Both Graylog and Elasticsearch have been given 2GB of heap, monitoring shows no memory or heap exhaustion.
At 10am (EST) a single Graylog thread will start spinning at 100% cpu and the process buffer will start filling up, some messages are processed but once the buffer fills up no new messages are written to Elasticsearch. Also once the process buffer is filled up a second Graylog thread starts spinning at 100% cpu.
No log entries (at Debug level) are in Graylog’s server.log, nothing to note in Elasticsearch logs as well.
Data is a few servers’s audit logs in one injest with some Grok matching rules.
Restarting Graylog will allow the messages to be processed (with no apparent dropped messages).
Any insight into further troubleshooting steps or resolving this issue?
check you graylog’s log. (when the daily tasks run)
also check your GL server’s clock, and time settings.
and the buffers’ state.
check the incomeing messages number.
GL does some tasks at the night, eg rotate indices, marge the old, etc, and in this time it stops the processing for a little time. In my systems GL does it UTC 0:00, but it doesn’t match with 10am EST.
Based on your config, it some other problem, it could take more time.
or the old index’s marge slows down your ES, and it can accept only some messages from graylog.
Or one of your clients send a lot of messages, what GL’s can’t handle.
So it happened again today. There is nothing in /var/log/graylog-server/server.log, the last log line is from yesterday.
I do notice something, the traffic IS being processed, both my ins and outs seem to be equal, at least equal enough I don’t notice a different. Output stops when the process buffer fills (likely because nothing new comes in).
Here is a graph showing messages in/out (they overlap) and the rise in the process buffer usage:
turn the page - what does your Elasticsearch do when Graylog can’t process the message?
Check if that has threads available or print anything in the log.

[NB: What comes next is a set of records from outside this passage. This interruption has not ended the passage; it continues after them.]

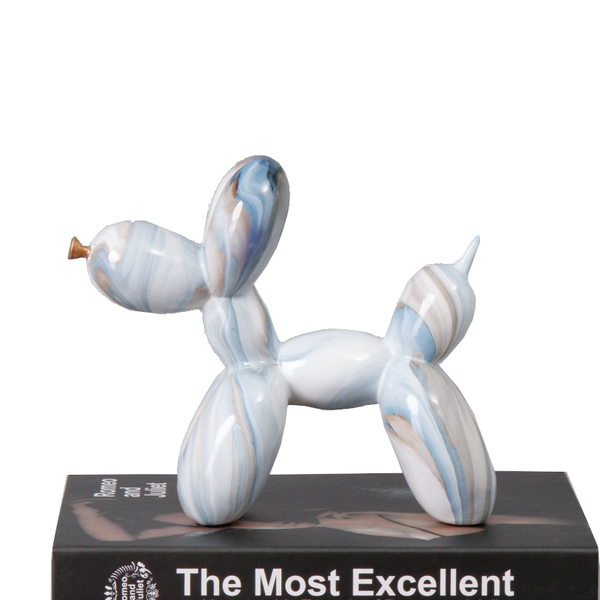 Fluid Balloon Dog Resin Ornaments Creative Living Room Home Artifact Desktop Sculptures & Figurines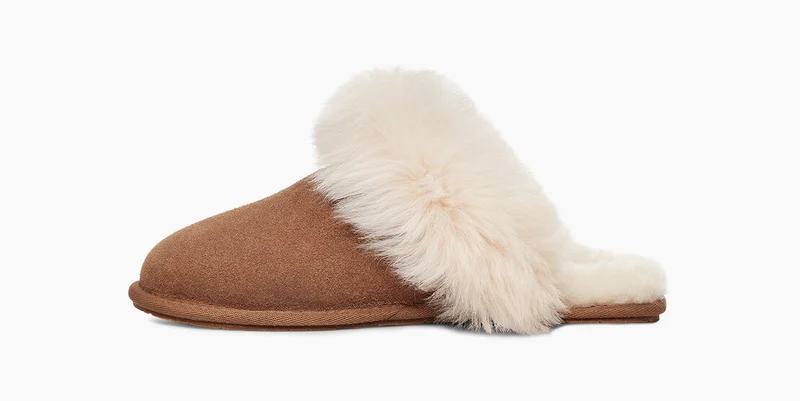 UGG Damen Scuff Sis Hausschuhe – Kastanie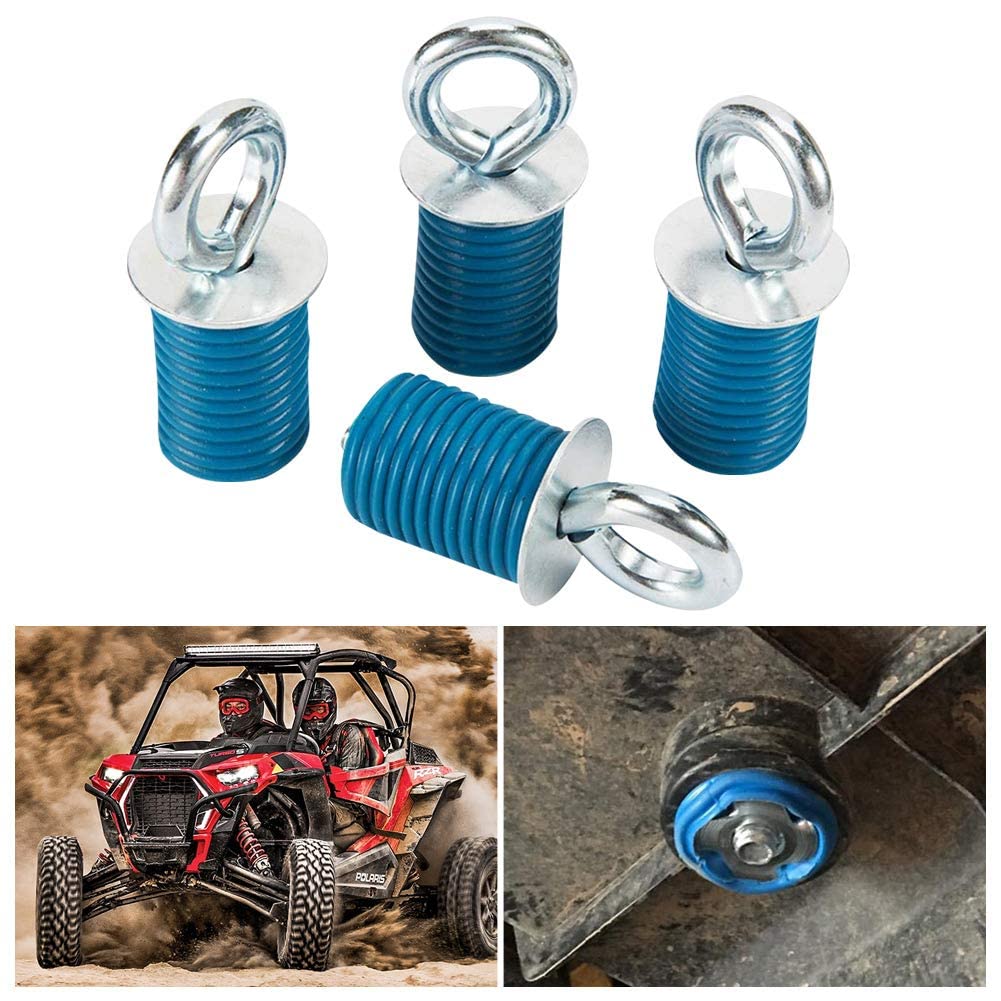RZR Tie Down Anchors - Heavy Duty ATV/UTV Cargo Straps Anchors Compatible with Polaris RZR & Sportsman Ace (Not for Ranger) - Perfect for Off-Roading, Trailering & Secure Transport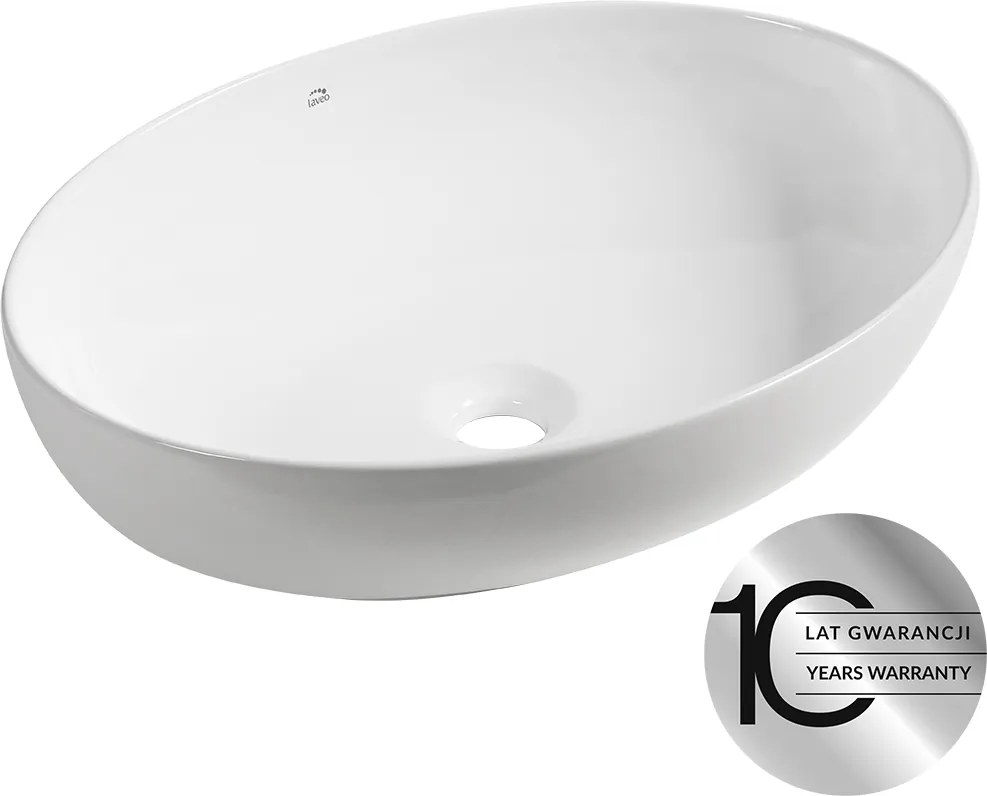 Laveo Umývadlo na dosku Desna 51,5x39,5 cm - VUD_6251, keramika, biele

It is more likely that Graylog can’t ingest to Elasticsearch that it shows this behaviour.
what I can’t understand…
On the graph, under 6 min your process buffer goes 0 to 18-19k.
But (if the in and out really equal, because on the graph I see only the out’s color) under 6 min you got only 6*250 msgs, so it’s only 1,5k. 18k with 200 msg/s takes one and a half hour.
I think if the ES can’t ingest enough message, the in should be higher then out, and the out should be higher and maybe a constant line. (but of course an ES check can’t hurt.)
First I suggest to “certify” your graph, and double check really contains the valid numbers. (Compare with GL’s WUI many different time)